EXERCISE GOAL: Write out the entries below exactly as they stand. Skip every image.
BEGIN DATA IN THIS EXERCISE
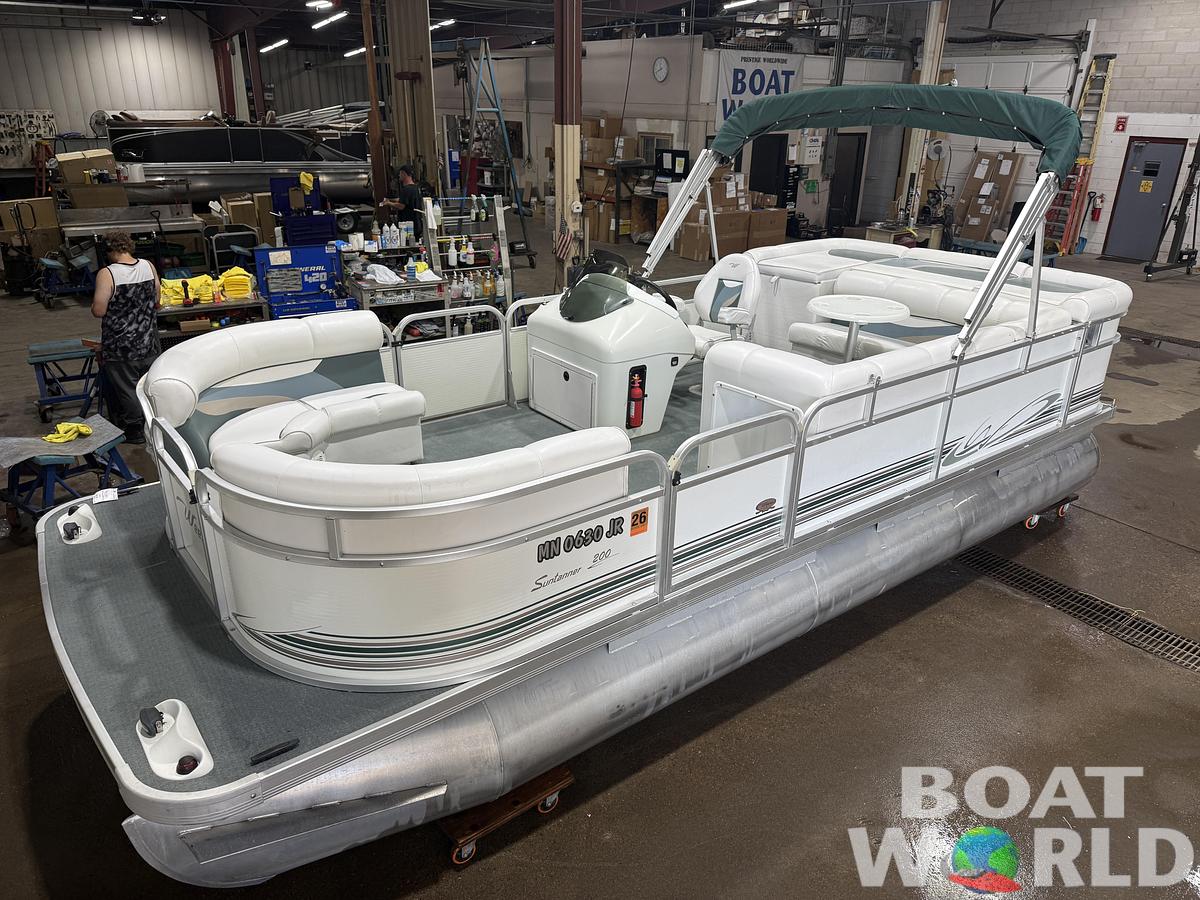 Used 2003 Weeres 200 SunTanner & 60HP Johnson 4Stroke -$11,995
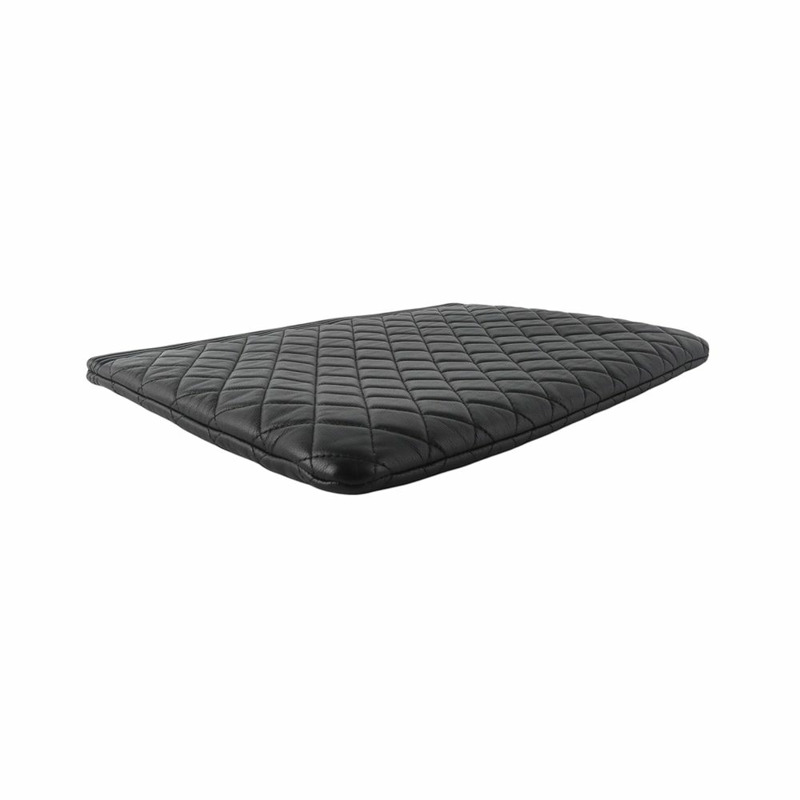 【包稅】CHANEL Boy Chanel A84407 魚子醬金手拿包（大）35221-3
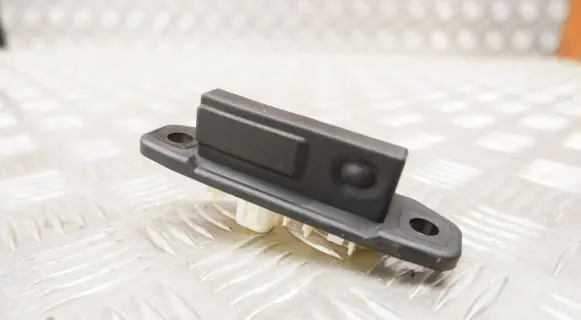 Tailgate opening switch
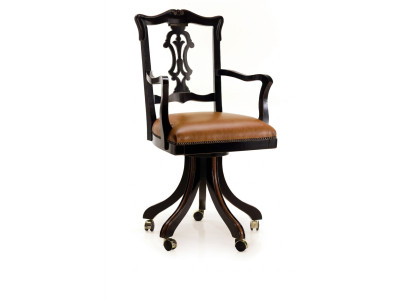 Muebles de diseñador Oficina Jefe Silla de oficina giratoria de lujo Silla acolchada Nueva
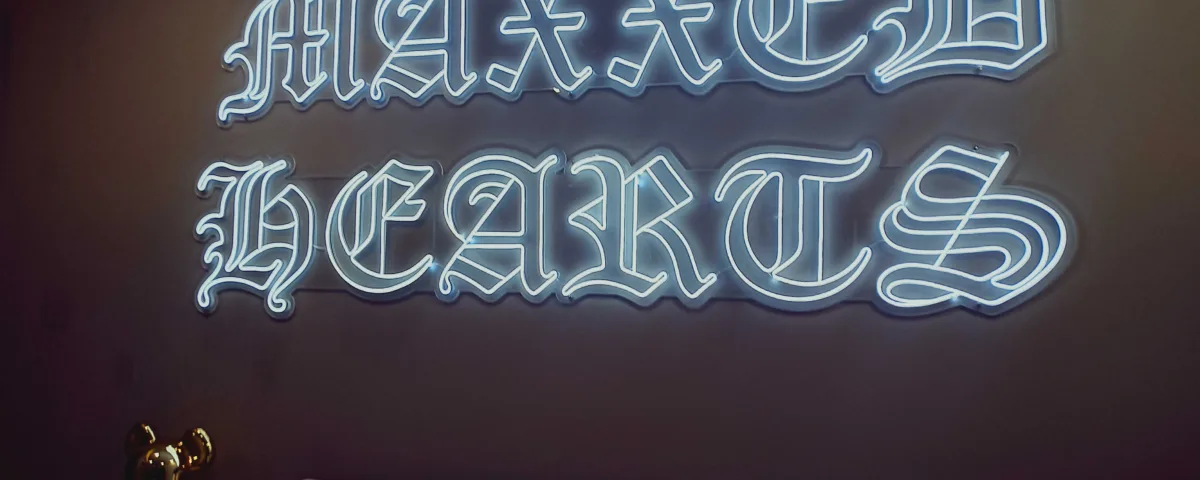 ‘MAXXED HEARTS’ Light Blue LED Neon Sign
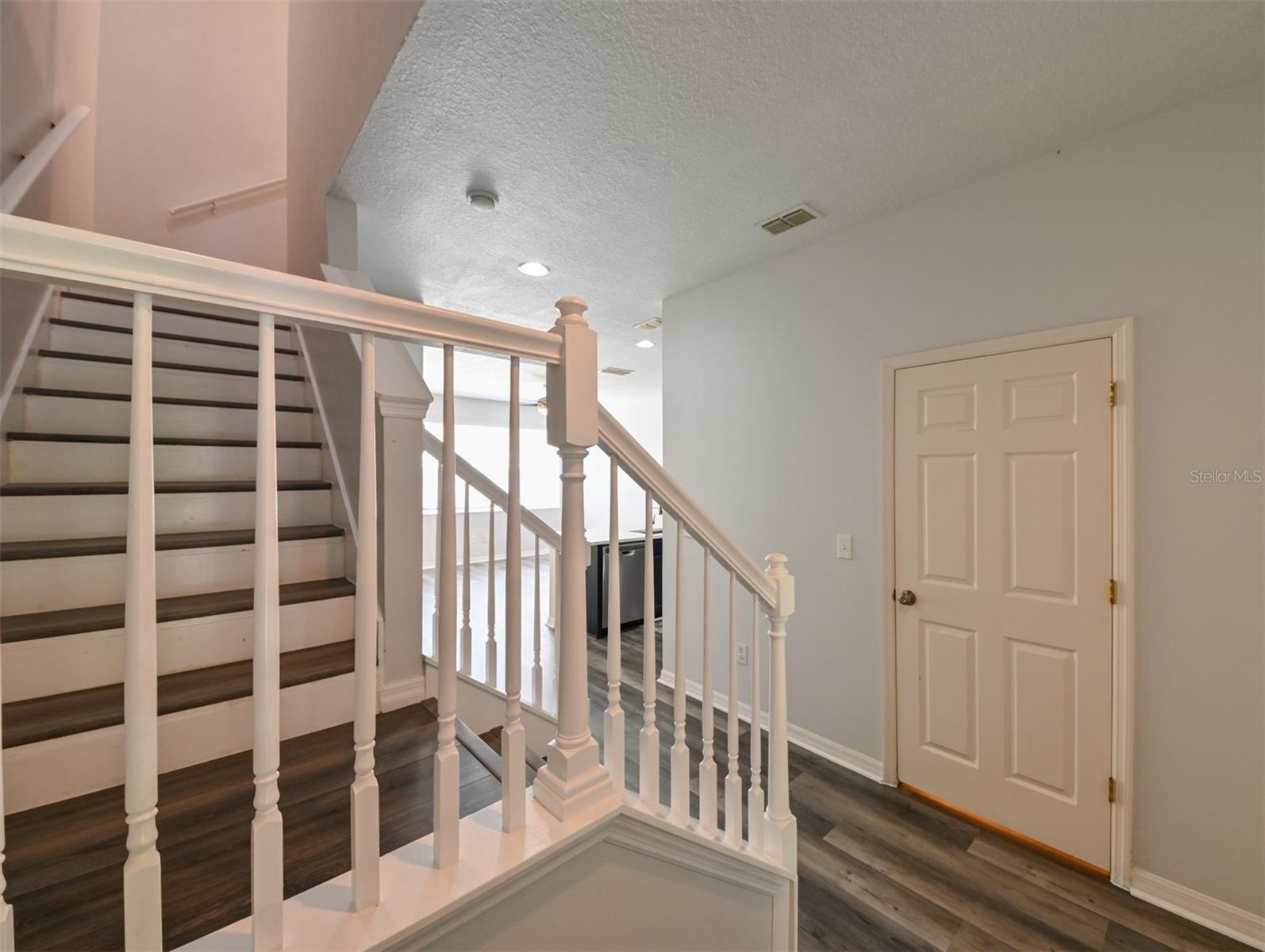 Image 12 of 50 For 8171 Stone View Drive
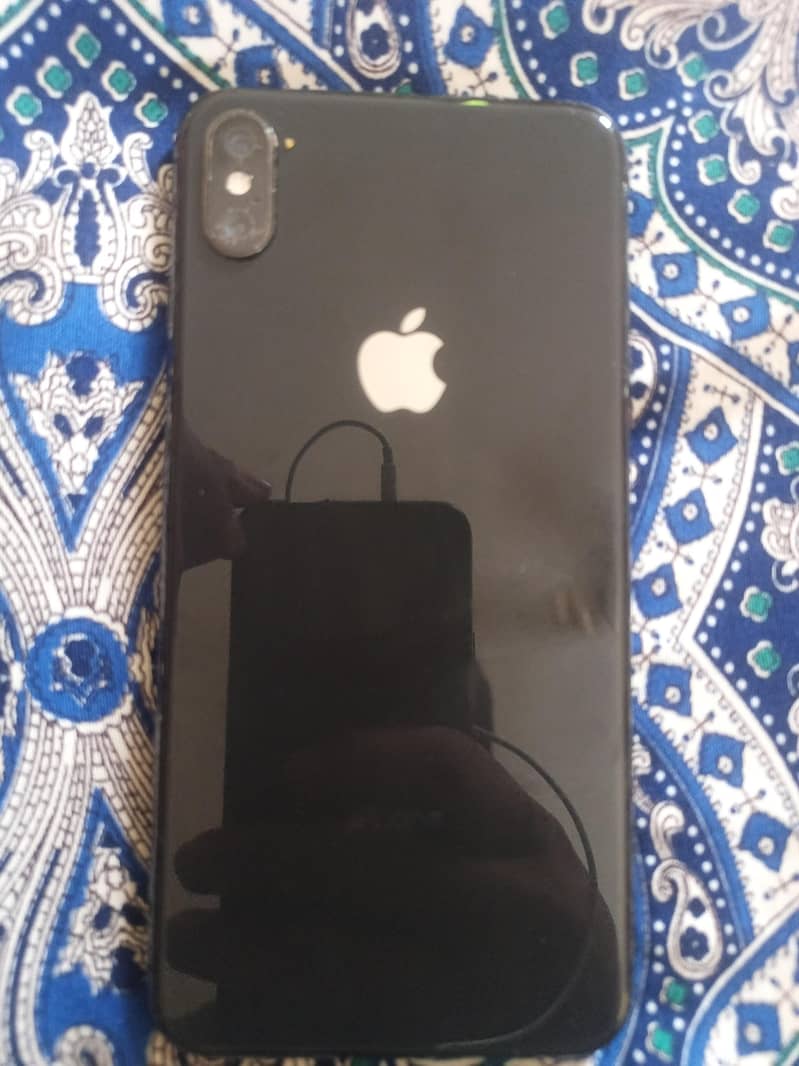 iphone xs max 4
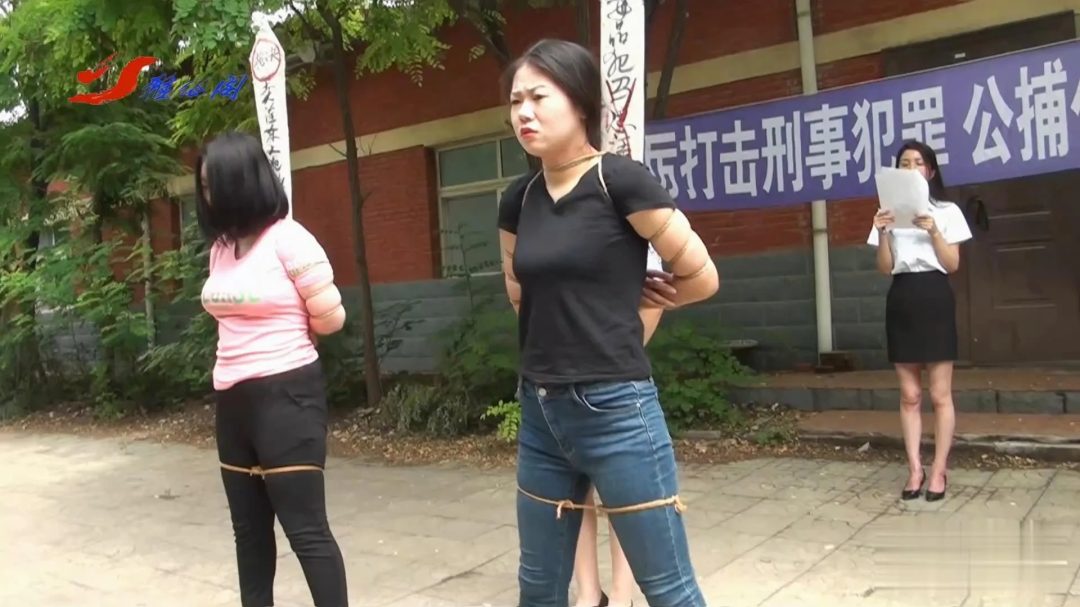 雅俗阁 刑场囧事（思婷·思语·思珊）-5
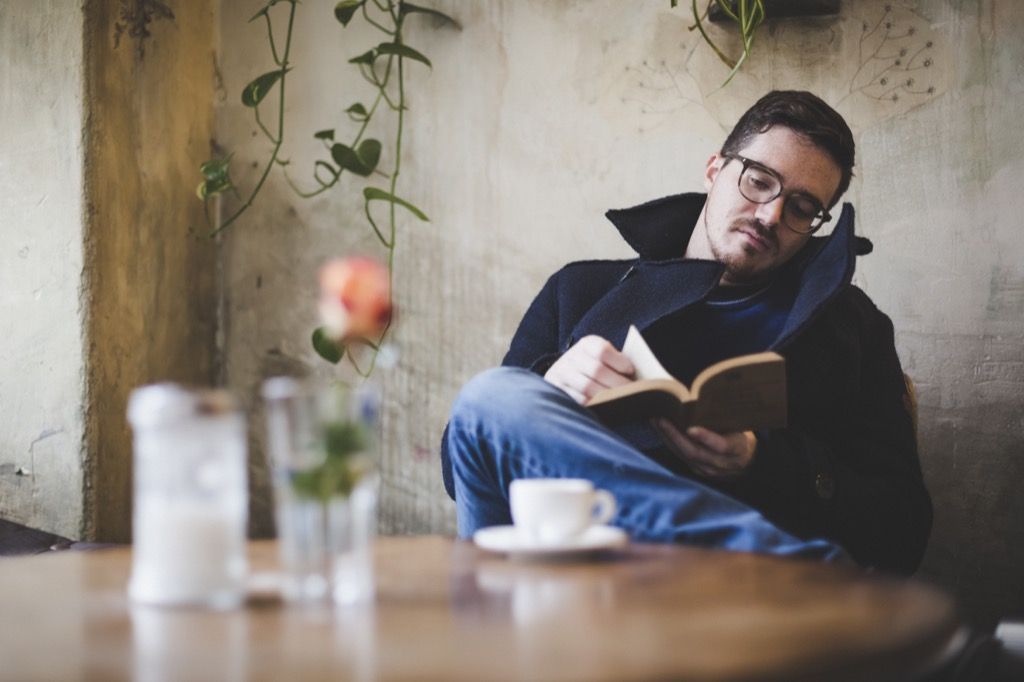 Prillidega mees restoranilauas raamatut lugemas, avatud abielu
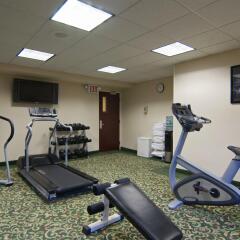Отель Fairfield Inn by Marriott JFK Airport США, Нью-Йорк - отзывы, цены и фото номеров - забронировать отель Fairfield Inn by Marriott JFK Airport онлайн фитнесс-зал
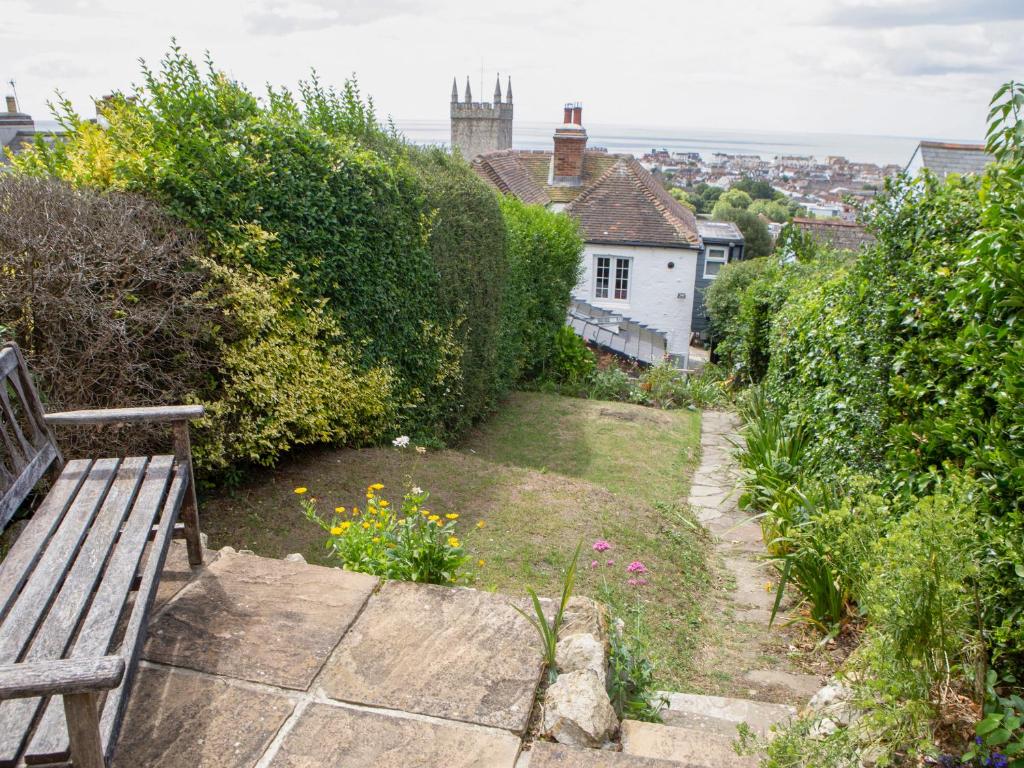 Kits Cottage, Hythe photo 6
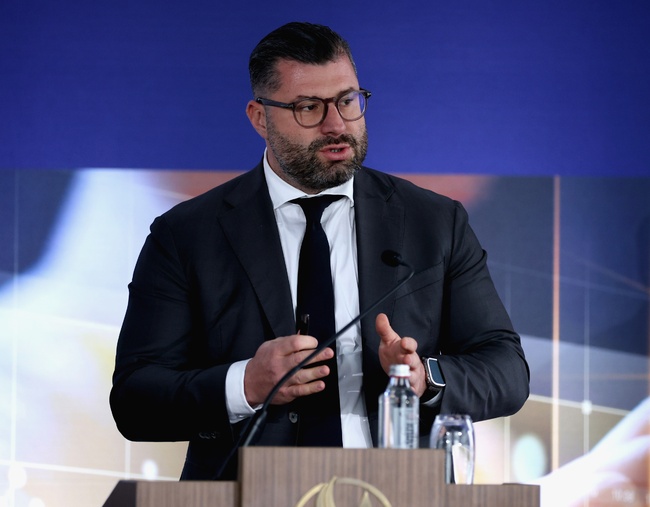 Служебното правителство ще работи в ускорени темпове за практическата и техническата подготовка за влизане на страната в еврозоната, каза Методи Методиев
END DATA IN THIS EXERCISE
FINISHED EXERCISE:
 Used 2003 Weeres 200 SunTanner & 60HP Johnson 4Stroke -$11,995
 【包稅】CHANEL Boy Chanel A84407 魚子醬金手拿包（大）35221-3
 Tailgate opening switch
 Muebles de diseñador Oficina Jefe Silla de oficina giratoria de lujo Silla acolchada Nueva
 ‘MAXXED HEARTS’ Light Blue LED Neon Sign
 Image 12 of 50 For 8171 Stone View Drive
 iphone xs max 4
 雅俗阁 刑场囧事（思婷·思语·思珊）-5
 Prillidega mees restoranilauas raamatut lugemas, avatud abielu
Отель Fairfield Inn by Marriott JFK Airport США, Нью-Йорк - отзывы, цены и фото номеров - забронировать отель Fairfield Inn by Marriott JFK Airport онлайн фитнесс-зал
 Kits Cottage, Hythe photo 6
 Служебното правителство ще работи в ускорени темпове за практическата и техническата подготовка за влизане на страната в еврозоната, каза Методи Методиев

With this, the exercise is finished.